When the carriage 32 has reached the end of the printable region PL in the +X direction and the processing proceeds to step S211, the control unit 91 determines whether at least one medium M has been detected in the printable region PL. When the at least one medium M is detected (step S211: YES), the control unit 91 moves the processing to step S212. On the other hand, when none of the medium M is detected in the printable region PL (step S211: NO), the control unit 91 determines that printing has been completed, performs predetermined termination processing, and then ends the printing operation. When the at least one medium M is detected before the carriage 32 reaches the end of the printable region PL in the +X direction, the adjustment amount of the ejection timing is determined for each detected medium M, and the ejection range is set for each detected medium M.

When the at least one medium M is detected in the printable region PL and the processing proceeds to step S212, the control unit 91 controls the transport unit 20 so that the medium M is transported in the +Y direction by a predetermined amount.

In step S213, the control unit 91 controls the printing unit 30 so that movement of the carriage 32 in the −X direction starts.

In step S214, the control unit 91 controls the printing unit 30 so that the printing is executed in the respective ejection ranges with respect to all the medium M detected in the forward path while moving the carriage 32 in the −X direction.

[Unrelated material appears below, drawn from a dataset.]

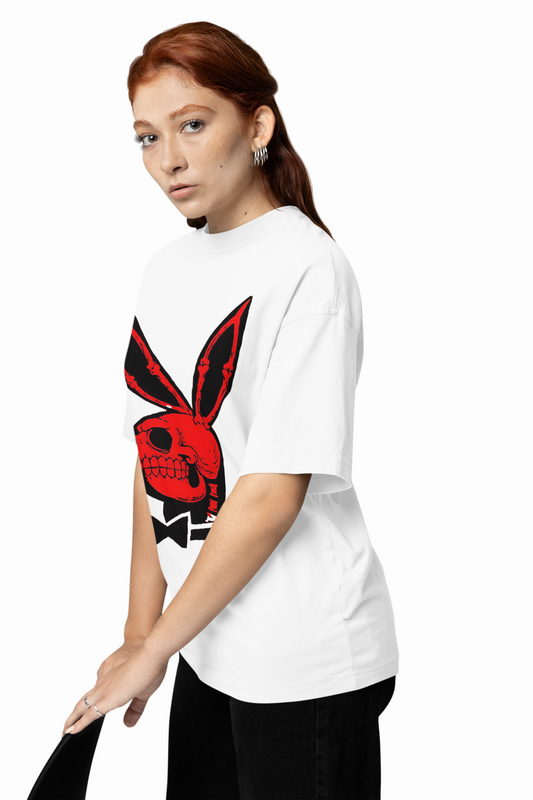 Playboy Skull Bunny White Oversized T-Shirt – Stylish Casual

In this printing, the ejection timing is adjusted based on the adjustment amount determined for each medium M. That is, the control unit 91 adjusts the landing position based on the adjustment amount determined for each of the medium M4 to M6, and causes the ink to be ejected to the ejection range of the plurality of media M4 to M6 from the ejection head 31.

After the carriage 32 reaches the end of the printable region PL in the −X direction, the control unit 91 controls the transport unit 20 so that the medium M is transported in the +Y direction by a predetermined amount in step S215. The processing returns to step S202, and the above operation is repeated until the medium M is no longer detected in step S211.

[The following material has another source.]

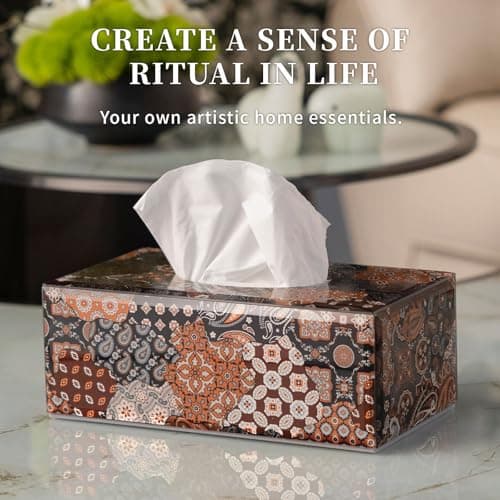 Timetrace Glass Tissue Box Cover Rectangle-Patchwork Pattern (Brown) Decorative Tissue Holder with Velvet Lining for Home Decor, Living Room, Bedroom, Kitchen, Office - Thumbnail 6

As described above, according to the printer 10 and liquid ejection method of the present embodiment, it is possible to obtain the same effects as those in the first embodiment.

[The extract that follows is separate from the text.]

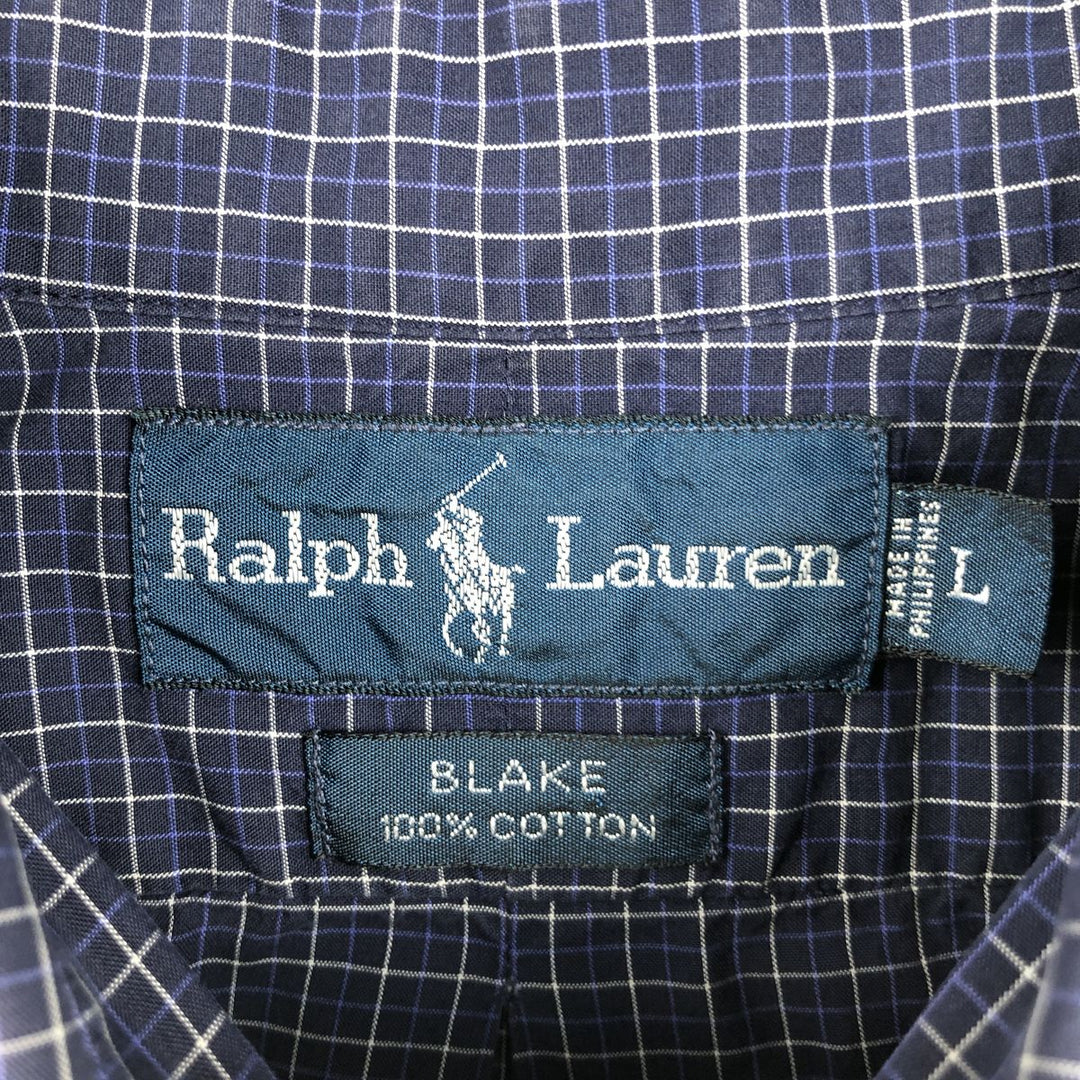 Ralph Lauren BLAKE short sleeve button down check shirt, men's size L cotton navy blue type Vintage Second Hand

Further, according to the present embodiment, since the ejection range is reset each time printing for one round trip is executed, it is possible to print an image in an appropriate range even when a size or a shape of the medium M is not uniform or when an arrangement of the plurality of media M is disturbed.

Each of the embodiments may be modified as follows.

The medium M is not limited to fabric. Examples of the medium M include a resin material such as polyurethane, polyethylene, polypropylene, polyester, polyamide, and acrylic resin, paper, glass, metal, ceramics, leather, wood, and ceramic, various natural fibers, synthetic fibers, or semi-synthetic fibers such as a fiber, silk, wool, cotton, linen, polyester, polyamide (nylon), acrylic, polyurethane, cellulose, linter, rayon, cupra, or acetate composed of at least one of the above, or may be one material or a material obtained by combing two or more materials selected from these materials.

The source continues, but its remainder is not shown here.